An idol with feet of clay whose demolition is long overdue
December 13, 2023 2:31 AM   Subscribe

It is tempting to think that a career as long and productive as Kundera’s would finally assume a distinctive unity. But looking closely at the life and work has the opposite effect: what stands out are various ruptures and intimations of underlying incongruence, from Kundera’s disavowal of most of his early work in poetry and drama to his vacillation over the wording of his later texts, as well as his initial refusal to allow his late, French texts – from La lenteur (1995) to La fête de l’insignifiance (2013) – to be translated into Czech. from The Two Milan Kunderas by Alena Dvořáková

Kundera previously: [obituary thread]; [allegations thread]
posted by chavenet (5 comments total) 3 users marked this as a favorite
 
Thanks for posting!

Because I never liked Kundera, yet never found anyone in my reading circles who shared my dislike of him. Kind of hoping this thread gets more discussion!

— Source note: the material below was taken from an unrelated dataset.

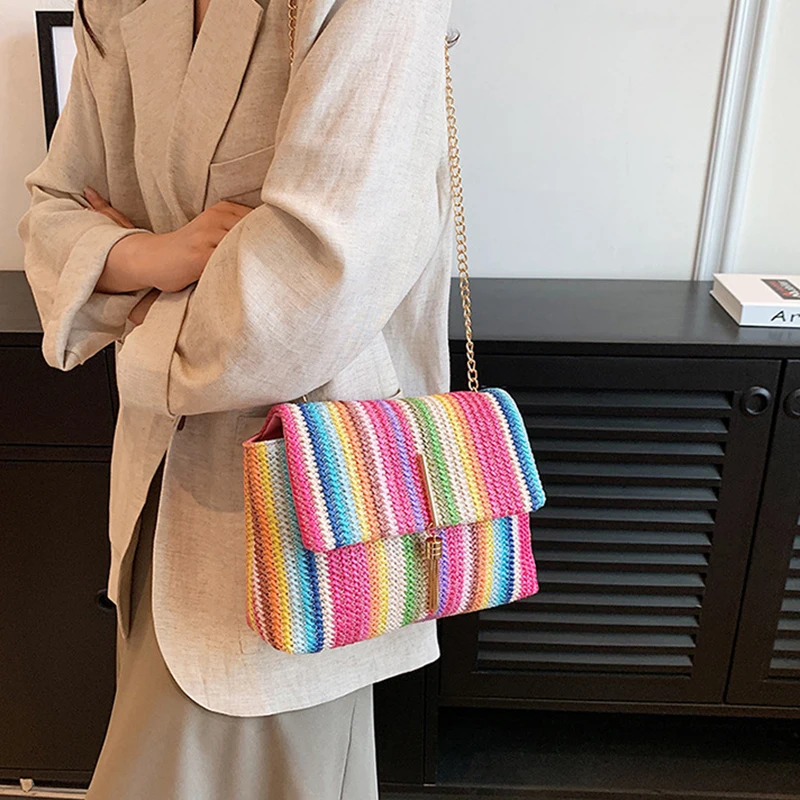 Korean version Fashion Women Rainbow Striped Chain Shoulder Bag Flap Crossbody Bags Girl Phone Bags Tassel decor Woven beach bag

In my middlebrow analysis, I always felt he'd put his fingers on the scales on the fiction part so he could "win" the philosophical argument he'd then advance. Which seemed like an odd complaint even as I thought it--of course you'd make up situations that validate you, know? But I guess it felt too artificial.

Pleasantly surprised to see this complaint better phrased by a critic giving it a closer read, in among her other points.
The three novels (for lack of a better term) seem to me marred by their puppetry (too many implausible characters and episodes), by the overbearing knowingness of the narrative commentary, and by the fact that they are so obviously directed at ‘uninitiated’ readers to whom everything must be explained. And yet these are the works of prose in which Kundera perfected his method of ‘polyphonic’ composition: a brief narrative episode or a dialogue is sketched out first, to be closely followed by a discursive explication that leaves hardly any space for disagreement or alternative interpretation. [ . . . ] To me, however, Kundera’s mature way of writing feels coercive, suggestive primarily of the author’s overwhelming need to control the reader’s response.
posted by mark k at 5:58 PM on December 13, 2023 [3 favorites]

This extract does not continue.